Journalists take ‘witness’ role seriously
“Fake news!” are the cries journalists hear these days more than most prefer to admit.
It’s unfortunate and disheartening because in my more than 25 years in this business, I can think of not one journalist that I knew personally who ever intentionally attempted to steer a story in any specific direction.
Ironically, it sometimes ends up being the opposite.
Undoubtedly, we’re all trained to report in a fair and balanced manner. But we also know well our own opinions, and in all cases, journalists must fight for nothing less than accuracy, fairness and balance. We must never allow our position on things like politics sway us, or our outrage on things like the death of an innocent child enter our reporting.
This includes all stories — even those that the subject will never read.
I’m not speaking about subjects who are going away to prison. Even they might catch a glimpse of our coverage someday.
Rather, I’m speaking about media observations and coverage of executions.

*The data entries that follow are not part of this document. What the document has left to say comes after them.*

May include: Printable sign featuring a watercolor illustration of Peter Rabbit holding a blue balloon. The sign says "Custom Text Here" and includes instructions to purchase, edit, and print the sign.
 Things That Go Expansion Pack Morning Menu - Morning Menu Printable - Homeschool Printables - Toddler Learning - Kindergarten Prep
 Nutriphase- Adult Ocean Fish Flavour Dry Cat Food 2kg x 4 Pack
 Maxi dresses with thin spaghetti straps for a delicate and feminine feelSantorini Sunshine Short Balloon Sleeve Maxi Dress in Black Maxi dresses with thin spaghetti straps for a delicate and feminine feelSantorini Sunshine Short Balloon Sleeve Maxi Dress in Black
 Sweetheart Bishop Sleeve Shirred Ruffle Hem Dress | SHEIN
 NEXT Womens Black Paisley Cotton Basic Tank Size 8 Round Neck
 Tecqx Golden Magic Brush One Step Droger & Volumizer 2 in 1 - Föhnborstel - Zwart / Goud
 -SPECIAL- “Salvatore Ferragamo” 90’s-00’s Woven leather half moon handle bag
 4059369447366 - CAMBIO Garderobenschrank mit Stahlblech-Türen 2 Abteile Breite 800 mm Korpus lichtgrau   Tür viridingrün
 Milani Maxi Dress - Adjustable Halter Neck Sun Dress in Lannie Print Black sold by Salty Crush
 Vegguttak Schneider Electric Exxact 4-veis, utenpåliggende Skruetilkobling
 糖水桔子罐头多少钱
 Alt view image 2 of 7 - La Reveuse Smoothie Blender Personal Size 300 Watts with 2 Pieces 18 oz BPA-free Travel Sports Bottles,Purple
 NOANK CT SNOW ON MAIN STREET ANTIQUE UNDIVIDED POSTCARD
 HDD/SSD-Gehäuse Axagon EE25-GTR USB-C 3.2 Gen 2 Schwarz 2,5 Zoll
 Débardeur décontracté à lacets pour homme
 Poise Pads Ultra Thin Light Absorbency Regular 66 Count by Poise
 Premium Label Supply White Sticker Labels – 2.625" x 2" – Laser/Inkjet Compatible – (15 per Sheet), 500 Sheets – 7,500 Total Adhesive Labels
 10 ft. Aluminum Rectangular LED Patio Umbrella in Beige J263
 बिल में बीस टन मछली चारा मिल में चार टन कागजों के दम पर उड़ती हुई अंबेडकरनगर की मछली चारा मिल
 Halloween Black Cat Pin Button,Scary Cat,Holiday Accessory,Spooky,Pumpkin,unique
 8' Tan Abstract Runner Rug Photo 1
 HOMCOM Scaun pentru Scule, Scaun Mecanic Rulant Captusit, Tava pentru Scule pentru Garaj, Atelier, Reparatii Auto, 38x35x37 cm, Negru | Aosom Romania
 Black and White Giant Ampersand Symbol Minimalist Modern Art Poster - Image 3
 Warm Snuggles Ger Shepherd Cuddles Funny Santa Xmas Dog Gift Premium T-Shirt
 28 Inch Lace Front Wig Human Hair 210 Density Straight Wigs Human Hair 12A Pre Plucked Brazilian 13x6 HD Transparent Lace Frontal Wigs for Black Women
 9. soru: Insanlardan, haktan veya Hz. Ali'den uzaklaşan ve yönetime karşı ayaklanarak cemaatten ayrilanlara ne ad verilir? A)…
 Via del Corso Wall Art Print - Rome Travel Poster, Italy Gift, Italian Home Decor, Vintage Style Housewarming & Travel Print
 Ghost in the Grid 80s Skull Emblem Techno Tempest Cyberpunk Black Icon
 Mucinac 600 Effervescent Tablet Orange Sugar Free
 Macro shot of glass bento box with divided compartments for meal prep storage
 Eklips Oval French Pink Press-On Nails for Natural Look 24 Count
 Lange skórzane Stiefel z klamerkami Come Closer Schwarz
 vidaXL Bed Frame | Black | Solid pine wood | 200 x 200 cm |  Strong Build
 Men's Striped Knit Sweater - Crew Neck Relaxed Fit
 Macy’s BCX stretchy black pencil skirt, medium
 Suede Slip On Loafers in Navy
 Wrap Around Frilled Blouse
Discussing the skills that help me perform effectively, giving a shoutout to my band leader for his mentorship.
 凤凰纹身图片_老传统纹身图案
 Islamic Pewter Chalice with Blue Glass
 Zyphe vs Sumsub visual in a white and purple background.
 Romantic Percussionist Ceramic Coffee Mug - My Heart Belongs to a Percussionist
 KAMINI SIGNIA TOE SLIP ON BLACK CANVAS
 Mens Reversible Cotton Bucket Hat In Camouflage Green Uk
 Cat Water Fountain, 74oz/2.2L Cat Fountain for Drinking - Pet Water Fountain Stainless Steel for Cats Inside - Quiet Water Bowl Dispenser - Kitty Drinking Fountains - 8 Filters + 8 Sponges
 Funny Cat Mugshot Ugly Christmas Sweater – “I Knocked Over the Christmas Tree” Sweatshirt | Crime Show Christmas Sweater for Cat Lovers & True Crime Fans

Several inmates from Mahoning and Trumbull counties sit on death row. Now, many states are exploring the elimination of the death penalty. We all have an opinion on this topic. Indeed, it will continue to be very hotly debated for many years to come.
But the reporter who covers the issue and an execution must not allow his or her feelings about the death penalty enter the scope of the story.
Here’s a good example of why.
Last month, The Associated Press reported that some executioners in Chicago might have “sanitized” their accounts of deaths in a number of federal executions.
According to the article, executioners who put 13 inmates to death in recent months likened the process of dying by lethal injection to falling asleep and called gurneys “beds” and final breaths “snores.”
But those tranquil accounts are at odds with reports by The Associated Press and other media witnesses of how prisoners’ stomachs rolled, shook and shuddered as the pentobarbital took effect inside the U.S. penitentiary death chamber in Indiana.
Sworn accounts by executioners, which government filings cited as evidence the lethal injections were going smoothly, raise questions about whether officials misled courts to ensure the executions were carried out before death penalty opponent Joe Biden became president.
Now, secrecy surrounds all aspects of executions. In these cases, the courts relied on those carrying them out to volunteer information about glitches. None of the executioners mentioned any.
That’s why truthful media accounts are so critical.
Questions about whether inmates’ midsections trembled as media witnesses described were a focus of litigation throughout the run of executions. Inmates’ lawyers argued it proved pentobarbital caused flash pulmonary edema and pain akin to suffocation or drowning.
The U.S. Constitution prohibits execution methods that are “cruel and unusual.”
This newspaper, of course, has sent media witnesses — local reporters — to witness and cover executions on the state level. We haven’t gone because we intended to sensationalize or glorify the death. We didn’t go so we could write a splashy story and sell newspapers.
Rather, we went because we were fulfilling our duty as a neutral party that can report fairly and accurately for the record and for all the public to read what exactly happened in Ohio’s death chamber. We would help record for history’s sake whether the execution was halted or unsuccessful or whether the inmate, indeed, departed this world, and in doing so, outline any unique or unusual details about the process.
A person’s life is ending at the hands of our government. Indeed, the public has every right to know exactly what took place.
This is just one more example — one very important example — of the importance of media’s role in reporting accurately and fairly.
The future of the death penalty in many states still remains in question, and the media will continue to report on that legal debate and, of course, on any executions that take place in the interim.
Despite those ongoing cries of “fake news,” we will continue to accept our role responsibly.